• _EXERCISE DETAILS_
After finding the line with "Borsa a tracolla" in the data below, set down exactly each line through the one with "74 - Silver", inclusive, and stop there.

• _DATA SUPPLIED_
- Opening Delimiter -

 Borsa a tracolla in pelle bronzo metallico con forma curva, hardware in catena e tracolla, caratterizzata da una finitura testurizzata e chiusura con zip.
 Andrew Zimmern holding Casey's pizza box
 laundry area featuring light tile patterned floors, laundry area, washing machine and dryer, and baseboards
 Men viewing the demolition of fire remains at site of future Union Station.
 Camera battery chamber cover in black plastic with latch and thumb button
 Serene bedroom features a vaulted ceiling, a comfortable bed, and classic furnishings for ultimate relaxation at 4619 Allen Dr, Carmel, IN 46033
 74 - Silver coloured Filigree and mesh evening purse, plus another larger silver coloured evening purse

- Closing Delimiter -
- Opening Delimiter -

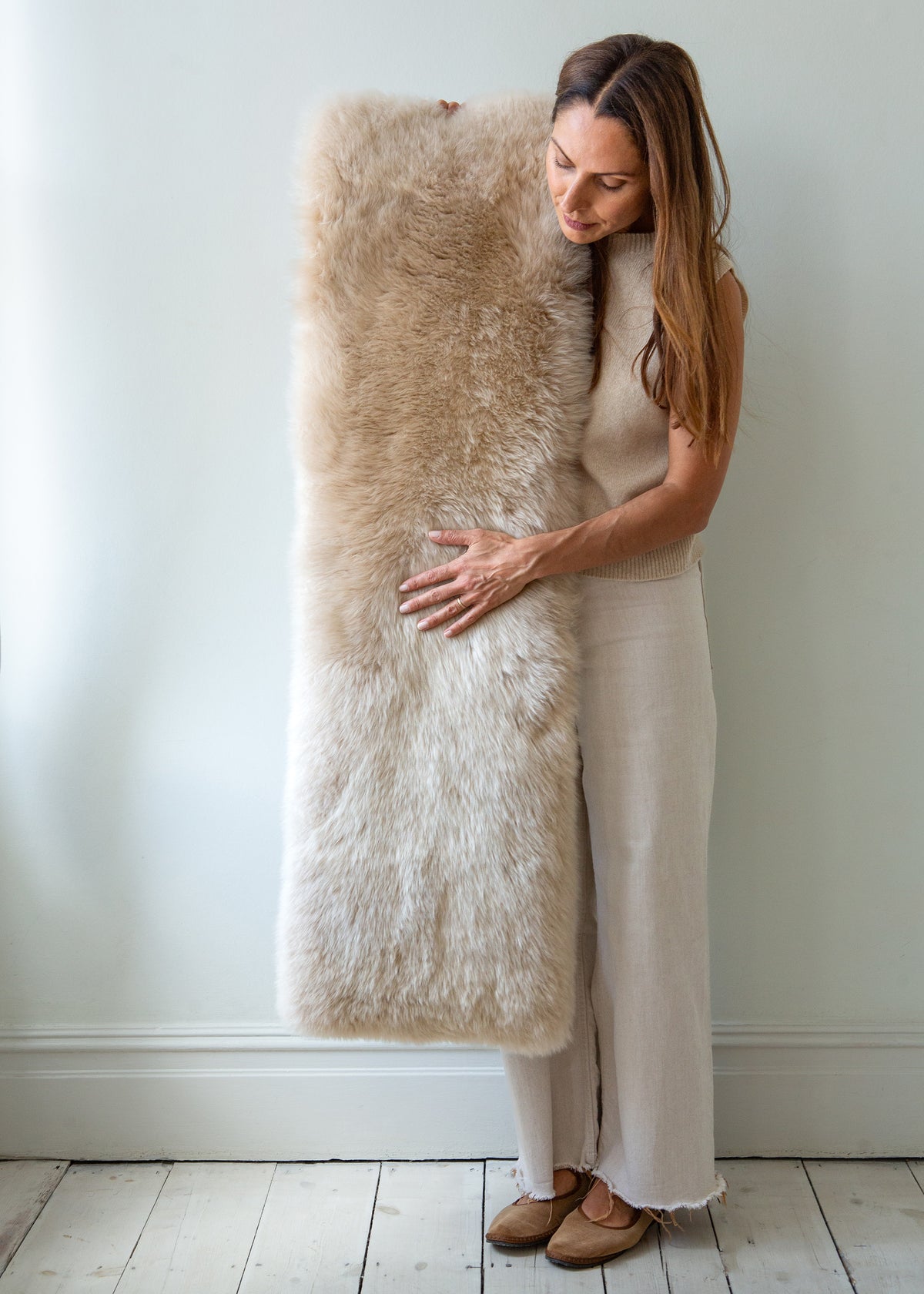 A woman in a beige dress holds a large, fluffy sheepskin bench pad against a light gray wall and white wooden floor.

- Closing Delimiter -

• _SOLUTION TO THE PROBLEM_
 Borsa a tracolla in pelle bronzo metallico con forma curva, hardware in catena e tracolla, caratterizzata da una finitura testurizzata e chiusura con zip.
 Andrew Zimmern holding Casey's pizza box
 laundry area featuring light tile patterned floors, laundry area, washing machine and dryer, and baseboards
 Men viewing the demolition of fire remains at site of future Union Station.
 Camera battery chamber cover in black plastic with latch and thumb button
 Serene bedroom features a vaulted ceiling, a comfortable bed, and classic furnishings for ultimate relaxation at 4619 Allen Dr, Carmel, IN 46033
 74 - Silver coloured Filigree and mesh evening purse, plus another larger silver coloured evening purse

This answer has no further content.